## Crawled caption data
------------------------------------------------
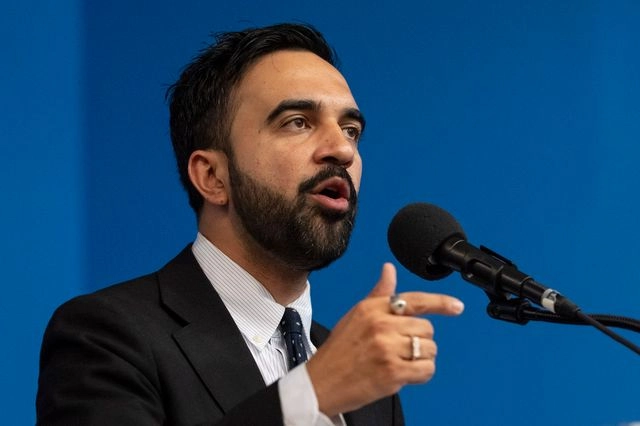 Ο Μαμντάνι έβαλε τον Τραμπ στη θέση του μετά τις απειλές για σύλληψή του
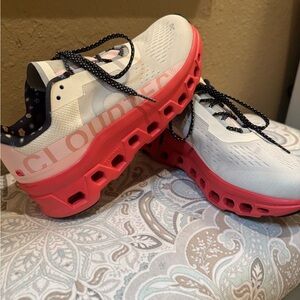 On Clouds-Free People Cloudmonster Women’s Running Shoes - White and Coral Pink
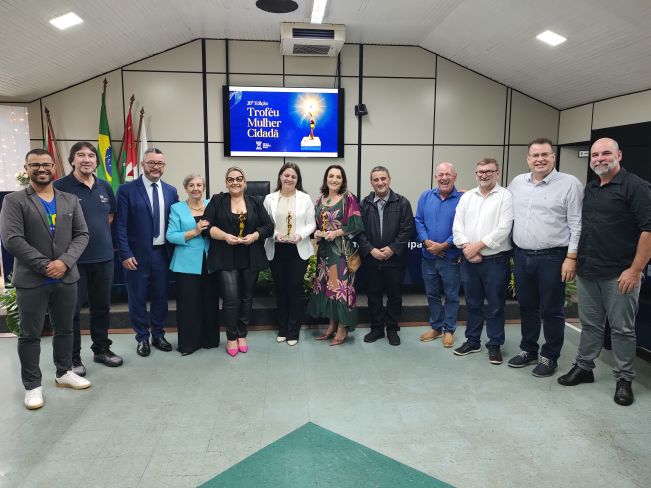 Album de Fotos Sessão Solene de entrega do Troféu Mulher Cidadã  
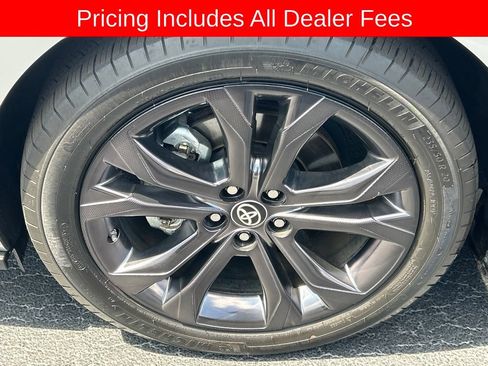 Used 2024 Toyota Sienna XSE w/ XSE Plus Package FWD image 27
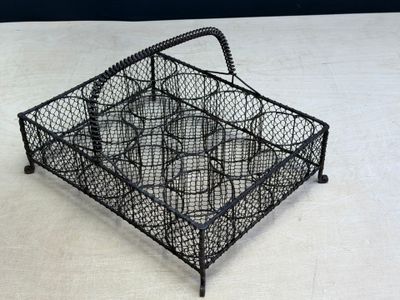 un panier en fil de fer noir contenant six verres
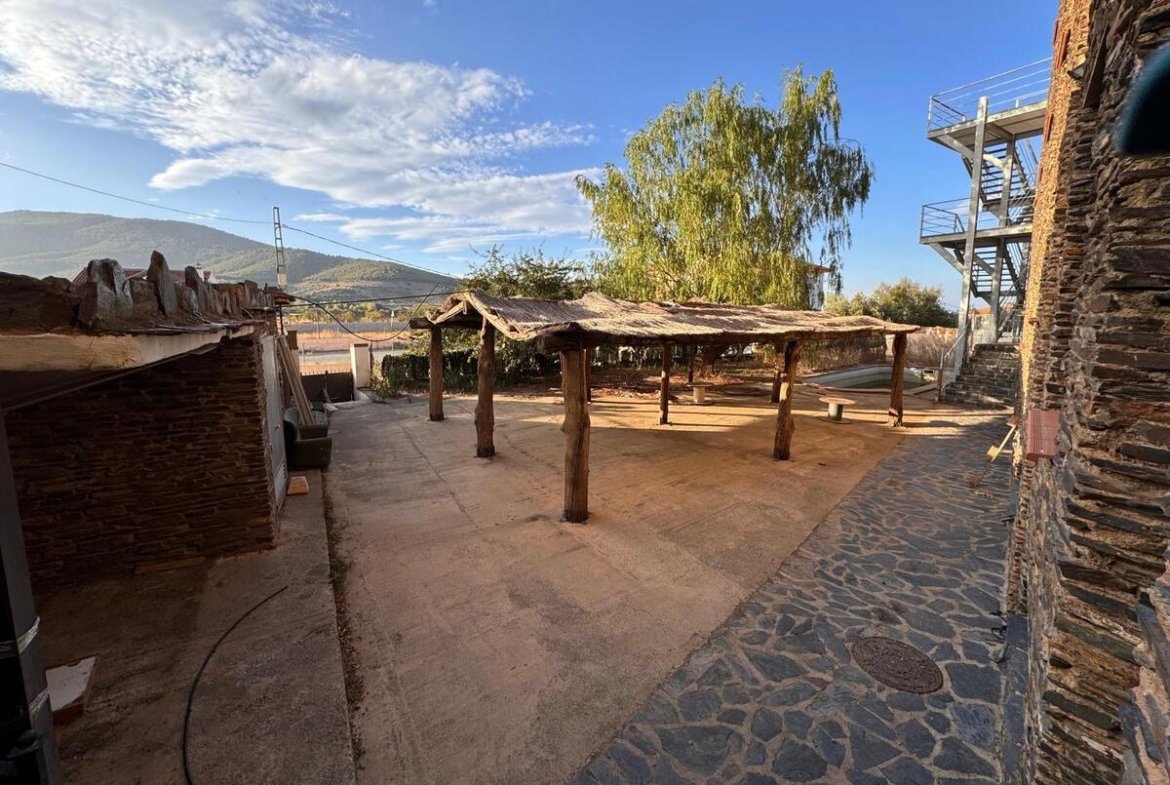 REBVGR0939 – Granada Area – Hotel for Sale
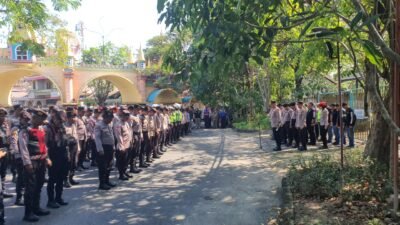 696 Personel Kawal Pengesahan Warga Baru PSHT Surabaya
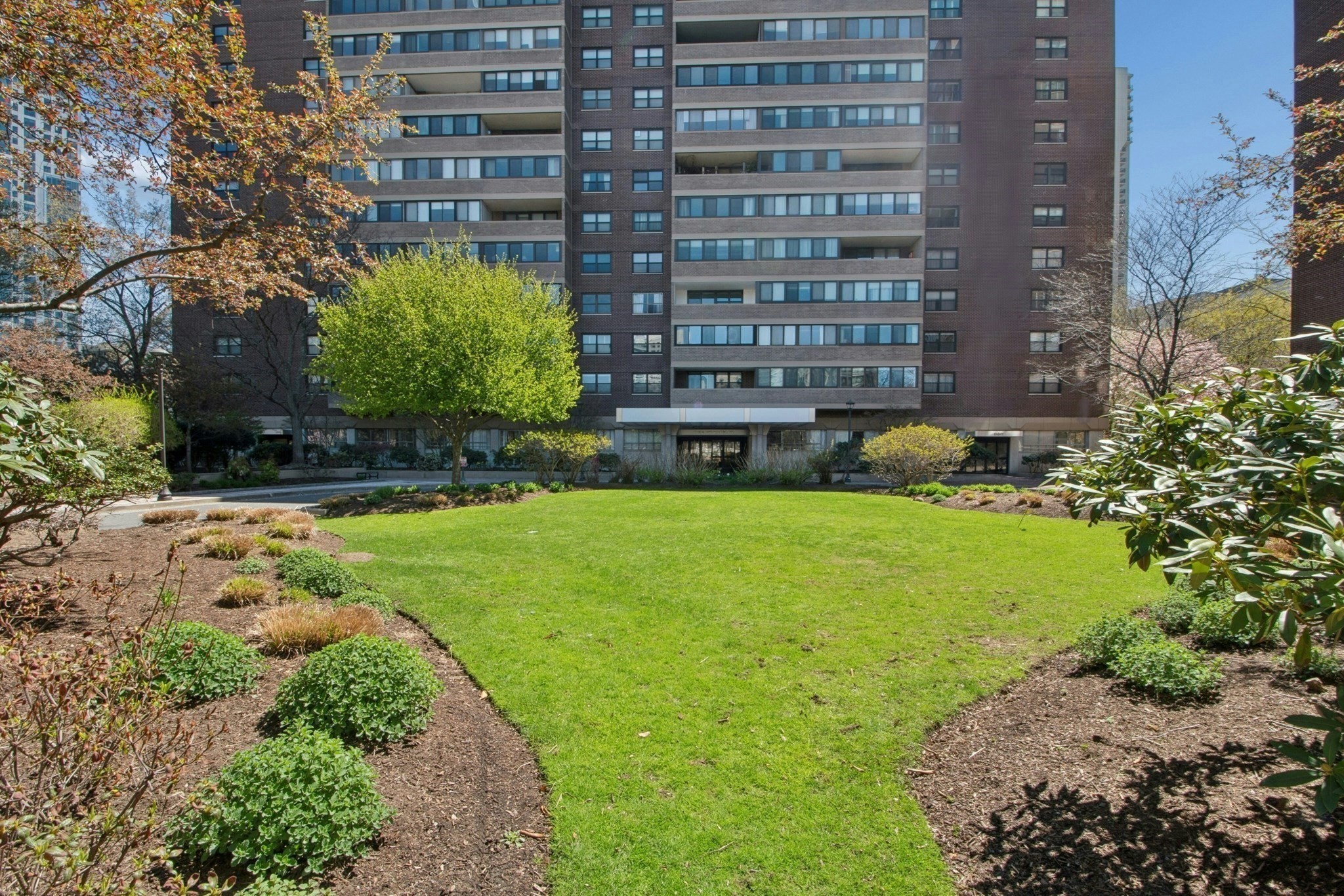 9 Hawthorne Pl Unit 4A, West End, Boston, MA 02114 - Image 36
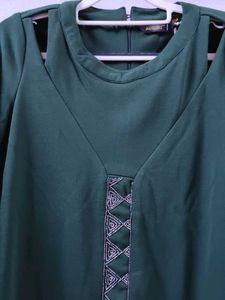 AAGURI-  Green with Unique Design
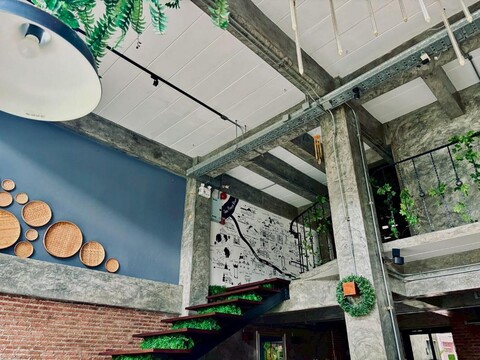 수쿰 빅토리모뉴먼트-아리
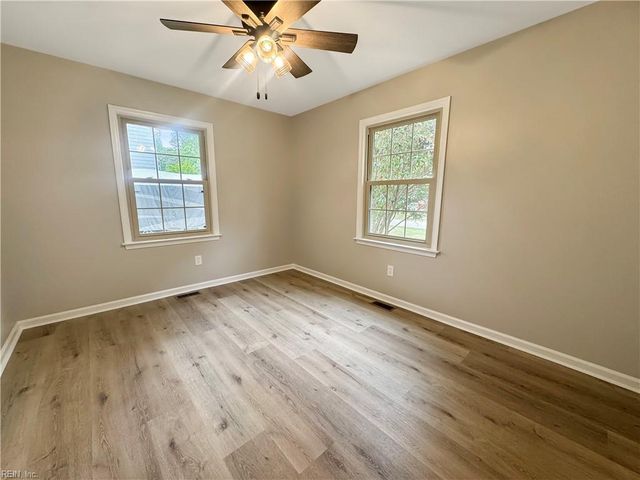 316 Sharon DR, Seaford, VA 23696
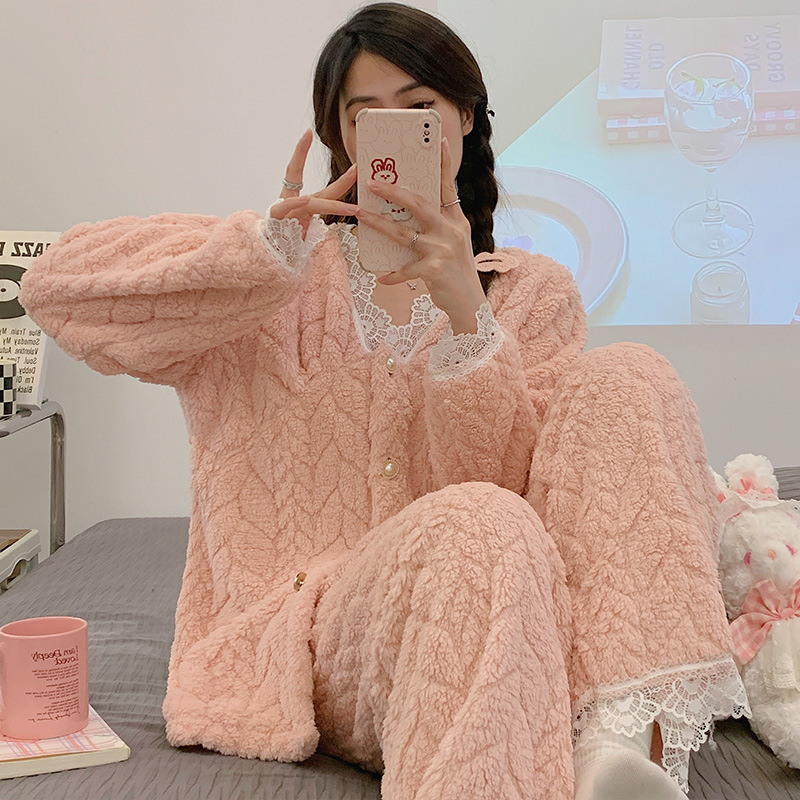 Al por mayor transfronterizo otoño y invierno nuevo pijama de lana de coral de franela, camiseta cardigán de encaje se puede usar con ropa de hogar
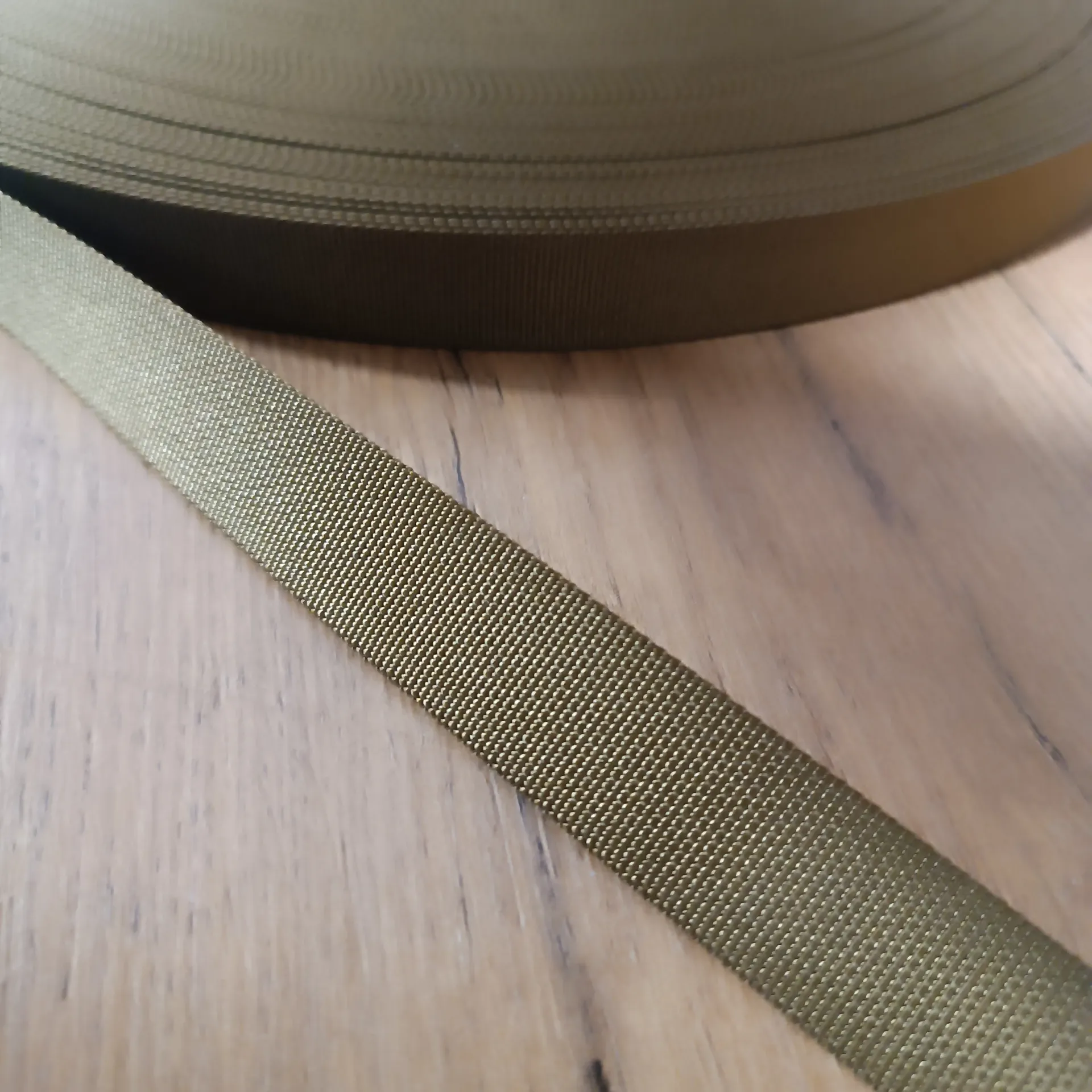[WF-GW-CB-NYL-0025-000] Nylon Webbing RAL7008 25 mm (1") – sold by the meter 
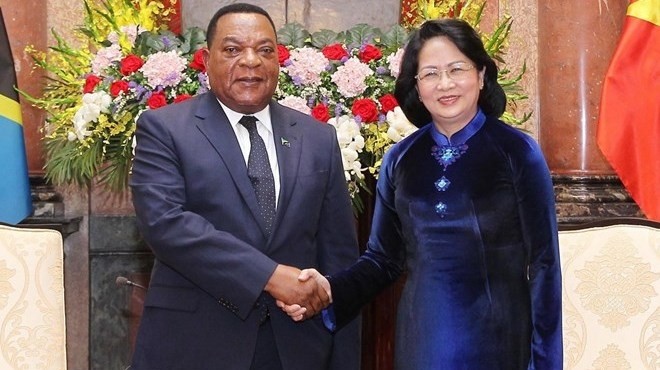 Acting President Dang Thi Ngoc Thinh (R) and Tanzanian Minister of Foreign Affairs and East African Cooperation Augustine Mahiga (Photo: VNA)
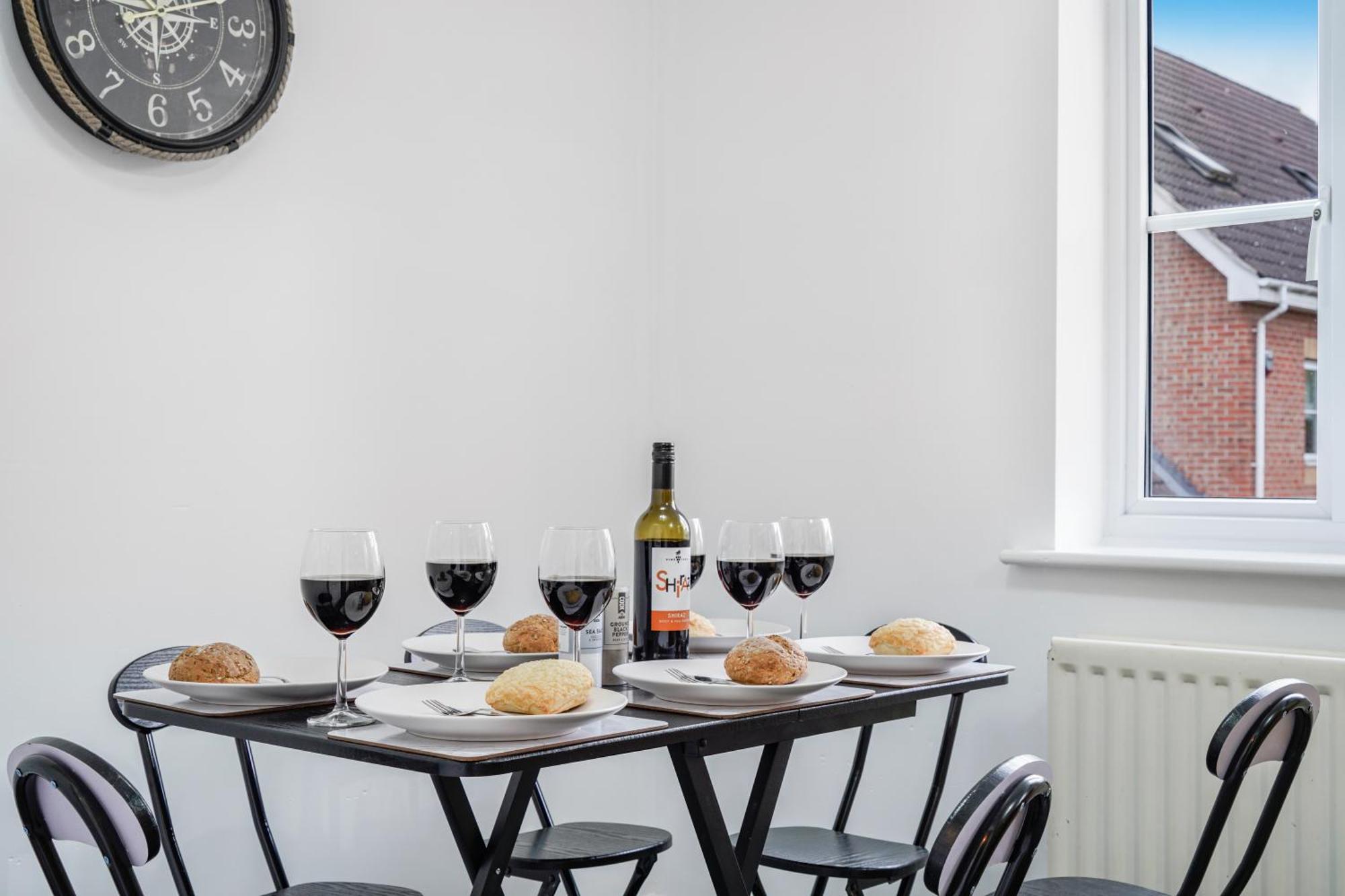 Station & Shops 3Min Walk I Heathrow 15 Mins I X2 Ensuites I Parking X2 Langley Marish Екстер'єр фото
------------------------------------------------
## WHAT YOU HAVE TO DO
For the entries above, the output must hold exactly the lines from the one with "696 Personel Kawal" through the last line, both included, and no pictures.

## WRITTEN REPLY
 696 Personel Kawal Pengesahan Warga Baru PSHT Surabaya
 9 Hawthorne Pl Unit 4A, West End, Boston, MA 02114 - Image 36
 AAGURI-  Green with Unique Design
 수쿰 빅토리모뉴먼트-아리
 316 Sharon DR, Seaford, VA 23696
 Al por mayor transfronterizo otoño y invierno nuevo pijama de lana de coral de franela, camiseta cardigán de encaje se puede usar con ropa de hogar
[WF-GW-CB-NYL-0025-000] Nylon Webbing RAL7008 25 mm (1") – sold by the meter 
 Acting President Dang Thi Ngoc Thinh (R) and Tanzanian Minister of Foreign Affairs and East African Cooperation Augustine Mahiga (Photo: VNA)
 Station & Shops 3Min Walk I Heathrow 15 Mins I X2 Ensuites I Parking X2 Langley Marish Екстер'єр фото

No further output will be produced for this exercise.